- [What to produce]: The expected output is the first line of the data below and every line after it, up to and including the line containing "Generisk damer vinter", each reproduced exactly.

*****

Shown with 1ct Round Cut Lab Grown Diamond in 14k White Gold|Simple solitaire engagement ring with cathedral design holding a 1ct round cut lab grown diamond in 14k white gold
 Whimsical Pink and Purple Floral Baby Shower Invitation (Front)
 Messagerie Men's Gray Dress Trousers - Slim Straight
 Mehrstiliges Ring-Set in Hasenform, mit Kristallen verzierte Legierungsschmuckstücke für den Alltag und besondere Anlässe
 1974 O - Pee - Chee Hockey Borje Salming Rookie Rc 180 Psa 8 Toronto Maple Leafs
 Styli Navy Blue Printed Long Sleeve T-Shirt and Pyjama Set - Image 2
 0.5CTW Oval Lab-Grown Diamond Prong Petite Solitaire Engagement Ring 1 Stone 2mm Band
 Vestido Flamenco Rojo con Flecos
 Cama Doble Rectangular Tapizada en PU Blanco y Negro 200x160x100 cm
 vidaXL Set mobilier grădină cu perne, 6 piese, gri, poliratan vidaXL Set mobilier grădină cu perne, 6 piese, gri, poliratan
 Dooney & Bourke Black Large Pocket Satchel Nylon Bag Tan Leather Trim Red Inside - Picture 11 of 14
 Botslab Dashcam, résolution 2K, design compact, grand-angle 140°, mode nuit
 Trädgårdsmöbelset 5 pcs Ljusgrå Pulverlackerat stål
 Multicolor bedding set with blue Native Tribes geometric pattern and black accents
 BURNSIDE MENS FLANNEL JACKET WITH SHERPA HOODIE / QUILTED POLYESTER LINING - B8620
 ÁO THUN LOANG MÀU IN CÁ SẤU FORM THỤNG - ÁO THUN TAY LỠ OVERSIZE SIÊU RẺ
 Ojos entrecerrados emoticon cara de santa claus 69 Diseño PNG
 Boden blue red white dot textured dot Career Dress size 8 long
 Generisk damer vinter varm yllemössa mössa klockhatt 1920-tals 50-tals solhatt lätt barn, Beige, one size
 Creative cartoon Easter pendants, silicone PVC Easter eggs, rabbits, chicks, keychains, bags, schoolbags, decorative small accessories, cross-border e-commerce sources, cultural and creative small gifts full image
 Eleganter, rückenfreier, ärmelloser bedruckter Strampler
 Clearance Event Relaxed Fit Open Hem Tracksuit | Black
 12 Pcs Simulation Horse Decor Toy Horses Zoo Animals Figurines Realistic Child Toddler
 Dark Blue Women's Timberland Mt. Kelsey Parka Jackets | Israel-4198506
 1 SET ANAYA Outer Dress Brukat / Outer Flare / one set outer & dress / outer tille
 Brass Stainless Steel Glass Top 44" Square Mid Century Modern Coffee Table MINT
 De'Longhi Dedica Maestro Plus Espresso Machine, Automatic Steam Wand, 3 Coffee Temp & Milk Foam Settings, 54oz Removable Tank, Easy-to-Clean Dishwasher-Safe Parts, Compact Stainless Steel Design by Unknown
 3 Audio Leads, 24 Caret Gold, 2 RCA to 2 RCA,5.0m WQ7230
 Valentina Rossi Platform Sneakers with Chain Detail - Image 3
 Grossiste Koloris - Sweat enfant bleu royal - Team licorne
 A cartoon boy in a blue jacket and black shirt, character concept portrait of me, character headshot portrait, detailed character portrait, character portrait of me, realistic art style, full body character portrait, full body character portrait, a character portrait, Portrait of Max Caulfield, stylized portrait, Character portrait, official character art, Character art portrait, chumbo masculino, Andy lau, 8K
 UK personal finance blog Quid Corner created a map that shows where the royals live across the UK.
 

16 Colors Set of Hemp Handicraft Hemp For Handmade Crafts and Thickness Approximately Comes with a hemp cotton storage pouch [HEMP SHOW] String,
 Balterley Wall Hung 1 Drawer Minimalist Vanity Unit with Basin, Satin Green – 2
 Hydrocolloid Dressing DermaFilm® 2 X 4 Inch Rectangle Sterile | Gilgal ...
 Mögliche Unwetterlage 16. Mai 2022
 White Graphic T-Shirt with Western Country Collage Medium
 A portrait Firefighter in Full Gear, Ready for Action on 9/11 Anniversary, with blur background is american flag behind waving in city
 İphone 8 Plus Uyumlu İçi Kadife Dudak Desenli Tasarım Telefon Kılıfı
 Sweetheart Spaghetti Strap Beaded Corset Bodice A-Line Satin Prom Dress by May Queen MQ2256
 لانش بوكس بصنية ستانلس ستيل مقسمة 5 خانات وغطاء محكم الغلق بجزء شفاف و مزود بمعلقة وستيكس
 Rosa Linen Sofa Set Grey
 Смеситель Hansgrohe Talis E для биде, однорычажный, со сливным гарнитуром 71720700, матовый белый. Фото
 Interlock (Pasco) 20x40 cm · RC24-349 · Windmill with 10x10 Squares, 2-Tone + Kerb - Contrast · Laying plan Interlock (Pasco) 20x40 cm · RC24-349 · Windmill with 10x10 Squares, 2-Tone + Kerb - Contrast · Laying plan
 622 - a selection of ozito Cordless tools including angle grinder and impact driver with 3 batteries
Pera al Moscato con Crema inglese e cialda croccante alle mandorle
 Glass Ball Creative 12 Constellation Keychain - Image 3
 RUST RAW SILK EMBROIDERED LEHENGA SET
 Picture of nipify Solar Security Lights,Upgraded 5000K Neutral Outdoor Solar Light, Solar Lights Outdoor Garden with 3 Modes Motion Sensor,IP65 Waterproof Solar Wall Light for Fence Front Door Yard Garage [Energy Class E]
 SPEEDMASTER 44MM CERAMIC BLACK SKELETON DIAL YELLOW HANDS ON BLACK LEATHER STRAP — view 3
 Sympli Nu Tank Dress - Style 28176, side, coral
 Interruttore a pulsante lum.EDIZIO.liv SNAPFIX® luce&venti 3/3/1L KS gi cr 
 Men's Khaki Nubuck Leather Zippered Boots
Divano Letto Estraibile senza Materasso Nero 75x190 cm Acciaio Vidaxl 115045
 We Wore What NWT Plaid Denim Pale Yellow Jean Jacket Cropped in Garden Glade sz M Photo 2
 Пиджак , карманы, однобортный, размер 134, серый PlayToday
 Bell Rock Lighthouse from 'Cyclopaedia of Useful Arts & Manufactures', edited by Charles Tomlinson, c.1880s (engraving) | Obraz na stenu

*****

- [Task result]:
Shown with 1ct Round Cut Lab Grown Diamond in 14k White Gold|Simple solitaire engagement ring with cathedral design holding a 1ct round cut lab grown diamond in 14k white gold
 Whimsical Pink and Purple Floral Baby Shower Invitation (Front)
 Messagerie Men's Gray Dress Trousers - Slim Straight
 Mehrstiliges Ring-Set in Hasenform, mit Kristallen verzierte Legierungsschmuckstücke für den Alltag und besondere Anlässe
 1974 O - Pee - Chee Hockey Borje Salming Rookie Rc 180 Psa 8 Toronto Maple Leafs
 Styli Navy Blue Printed Long Sleeve T-Shirt and Pyjama Set - Image 2
 0.5CTW Oval Lab-Grown Diamond Prong Petite Solitaire Engagement Ring 1 Stone 2mm Band
 Vestido Flamenco Rojo con Flecos
 Cama Doble Rectangular Tapizada en PU Blanco y Negro 200x160x100 cm
 vidaXL Set mobilier grădină cu perne, 6 piese, gri, poliratan vidaXL Set mobilier grădină cu perne, 6 piese, gri, poliratan
 Dooney & Bourke Black Large Pocket Satchel Nylon Bag Tan Leather Trim Red Inside - Picture 11 of 14
 Botslab Dashcam, résolution 2K, design compact, grand-angle 140°, mode nuit
 Trädgårdsmöbelset 5 pcs Ljusgrå Pulverlackerat stål
 Multicolor bedding set with blue Native Tribes geometric pattern and black accents
 BURNSIDE MENS FLANNEL JACKET WITH SHERPA HOODIE / QUILTED POLYESTER LINING - B8620
 ÁO THUN LOANG MÀU IN CÁ SẤU FORM THỤNG - ÁO THUN TAY LỠ OVERSIZE SIÊU RẺ
 Ojos entrecerrados emoticon cara de santa claus 69 Diseño PNG
 Boden blue red white dot textured dot Career Dress size 8 long
 Generisk damer vinter varm yllemössa mössa klockhatt 1920-tals 50-tals solhatt lätt barn, Beige, one size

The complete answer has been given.